Ted Botzum of TPI’s Financial Analysis Services Group will be “blogging about the bottom line” this week.
With many long-term outsourcing contracts for services delivered from emerging economies, U.S. companies need to apply serious forethought when handling foreign currencies. Beside the depreciating U.S. dollar, there are many practical matters to be considered.
Early strategic considerations should include:
- Fixed versus flexible rates - Clients and service providers must pick between fixed and flexible prices or rates, clearly define them, and select the contract base currency, be it the USD, Euro, or the local currency.
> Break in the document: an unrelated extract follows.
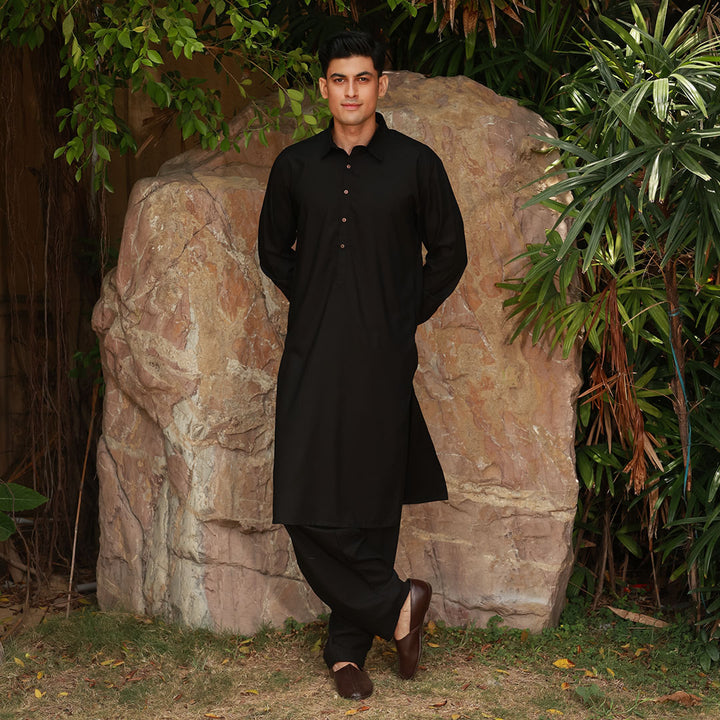 Slim Fit Shirt Collar Plain Suit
But a single strong currency may be used for pricing consolidation or business case calculation.
- Adjustments - All parties involved in a transaction need to determine the frequency of adjustments to account for exchange rate and cost of living variation.
- Currency choice - Should the price, invoice, and payment be in the currency of the country of service origin, or the country of service destination?
- Instability - How should dynamic or unstable currencies be handled?
As these higher-level strategies are contemplated, it makes sense to
assess the company’s ability to handle these elements prior to contract
signing and transition.
Otherwise, reality will hit after an invoice has been delivered by a service provider in a currency that cannot be handled by the client’s local group. To complicate matters, some service providers need a local presence if local-to-local billing and payment remittance is required for tax burden relief. Others may be required by law to have all services billings (and possibly pricing and purchase orders) handled in their local currency – even in the case of imported services.
So how can clients manage these risks?
Our advice is to keep the focus on practical issues from all sides involved in a complex transaction. Make certain that everyone is able to fulfill the financial setups that have been contracted. A lot of homework and research are required to make sure the “theory” is able to be implemented.
The same question needs to be asked in different ways to ensure confidence in the answer. Scenario development and use cases are practical tools in communicating strategies on complex financial situations to professional organizations within a firm (e.g., Tax, Treasury, Corporate Accounting) unfamiliar with back-office operations.
But most importantly, strategies and objectives need to be relationship specific. What has your experience been with such outsourcing-related foreign currency issues?